- What to produce: The whole listing must be printed again without any alteration.

========================

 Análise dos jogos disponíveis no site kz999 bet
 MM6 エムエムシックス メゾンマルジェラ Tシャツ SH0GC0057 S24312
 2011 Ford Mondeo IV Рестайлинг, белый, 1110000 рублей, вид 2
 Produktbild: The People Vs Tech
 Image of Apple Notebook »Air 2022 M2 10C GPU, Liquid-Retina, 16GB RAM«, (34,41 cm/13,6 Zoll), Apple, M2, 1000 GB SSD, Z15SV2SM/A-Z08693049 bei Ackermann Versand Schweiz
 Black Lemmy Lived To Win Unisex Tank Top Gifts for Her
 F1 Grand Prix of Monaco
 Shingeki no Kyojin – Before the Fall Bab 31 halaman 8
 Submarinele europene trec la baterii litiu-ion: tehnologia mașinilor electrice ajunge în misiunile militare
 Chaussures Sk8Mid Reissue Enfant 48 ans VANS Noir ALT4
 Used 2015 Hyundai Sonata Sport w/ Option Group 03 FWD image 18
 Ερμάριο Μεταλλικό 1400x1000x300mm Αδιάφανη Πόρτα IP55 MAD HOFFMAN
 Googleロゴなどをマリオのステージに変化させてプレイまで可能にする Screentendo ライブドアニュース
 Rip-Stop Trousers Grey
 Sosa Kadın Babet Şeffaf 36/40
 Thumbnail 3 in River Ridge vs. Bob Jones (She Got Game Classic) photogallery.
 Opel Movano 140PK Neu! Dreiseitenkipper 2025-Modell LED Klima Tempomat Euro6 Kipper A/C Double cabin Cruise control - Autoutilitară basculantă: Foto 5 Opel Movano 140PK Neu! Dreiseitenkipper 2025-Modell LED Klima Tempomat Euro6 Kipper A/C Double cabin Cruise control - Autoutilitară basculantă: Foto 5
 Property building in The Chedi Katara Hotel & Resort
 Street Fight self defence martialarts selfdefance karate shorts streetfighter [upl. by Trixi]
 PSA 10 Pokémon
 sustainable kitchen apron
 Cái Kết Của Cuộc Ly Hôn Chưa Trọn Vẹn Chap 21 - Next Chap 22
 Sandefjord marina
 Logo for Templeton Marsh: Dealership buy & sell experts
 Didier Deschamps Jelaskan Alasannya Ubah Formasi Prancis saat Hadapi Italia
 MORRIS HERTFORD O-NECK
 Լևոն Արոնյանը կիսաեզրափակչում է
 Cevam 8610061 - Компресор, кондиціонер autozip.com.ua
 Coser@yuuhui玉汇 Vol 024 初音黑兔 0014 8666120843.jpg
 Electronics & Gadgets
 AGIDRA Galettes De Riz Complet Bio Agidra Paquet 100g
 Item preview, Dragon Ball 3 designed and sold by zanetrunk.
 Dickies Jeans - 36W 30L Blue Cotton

========================

- Your solution:
 Análise dos jogos disponíveis no site kz999 bet
 MM6 エムエムシックス メゾンマルジェラ Tシャツ SH0GC0057 S24312
 2011 Ford Mondeo IV Рестайлинг, белый, 1110000 рублей, вид 2
 Produktbild: The People Vs Tech
 Image of Apple Notebook »Air 2022 M2 10C GPU, Liquid-Retina, 16GB RAM«, (34,41 cm/13,6 Zoll), Apple, M2, 1000 GB SSD, Z15SV2SM/A-Z08693049 bei Ackermann Versand Schweiz
 Black Lemmy Lived To Win Unisex Tank Top Gifts for Her
 F1 Grand Prix of Monaco
 Shingeki no Kyojin – Before the Fall Bab 31 halaman 8
 Submarinele europene trec la baterii litiu-ion: tehnologia mașinilor electrice ajunge în misiunile militare
 Chaussures Sk8Mid Reissue Enfant 48 ans VANS Noir ALT4
 Used 2015 Hyundai Sonata Sport w/ Option Group 03 FWD image 18
 Ερμάριο Μεταλλικό 1400x1000x300mm Αδιάφανη Πόρτα IP55 MAD HOFFMAN
 Googleロゴなどをマリオのステージに変化させてプレイまで可能にする Screentendo ライブドアニュース
 Rip-Stop Trousers Grey
 Sosa Kadın Babet Şeffaf 36/40
 Thumbnail 3 in River Ridge vs. Bob Jones (She Got Game Classic) photogallery.
 Opel Movano 140PK Neu! Dreiseitenkipper 2025-Modell LED Klima Tempomat Euro6 Kipper A/C Double cabin Cruise control - Autoutilitară basculantă: Foto 5 Opel Movano 140PK Neu! Dreiseitenkipper 2025-Modell LED Klima Tempomat Euro6 Kipper A/C Double cabin Cruise control - Autoutilitară basculantă: Foto 5
 Property building in The Chedi Katara Hotel & Resort
 Street Fight self defence martialarts selfdefance karate shorts streetfighter [upl. by Trixi]
 PSA 10 Pokémon
 sustainable kitchen apron
 Cái Kết Của Cuộc Ly Hôn Chưa Trọn Vẹn Chap 21 - Next Chap 22
 Sandefjord marina
 Logo for Templeton Marsh: Dealership buy & sell experts
 Didier Deschamps Jelaskan Alasannya Ubah Formasi Prancis saat Hadapi Italia
 MORRIS HERTFORD O-NECK
 Լևոն Արոնյանը կիսաեզրափակչում է
 Cevam 8610061 - Компресор, кондиціонер autozip.com.ua
 Coser@yuuhui玉汇 Vol 024 初音黑兔 0014 8666120843.jpg
 Electronics & Gadgets
 AGIDRA Galettes De Riz Complet Bio Agidra Paquet 100g
 Item preview, Dragon Ball 3 designed and sold by zanetrunk.
 Dickies Jeans - 36W 30L Blue Cotton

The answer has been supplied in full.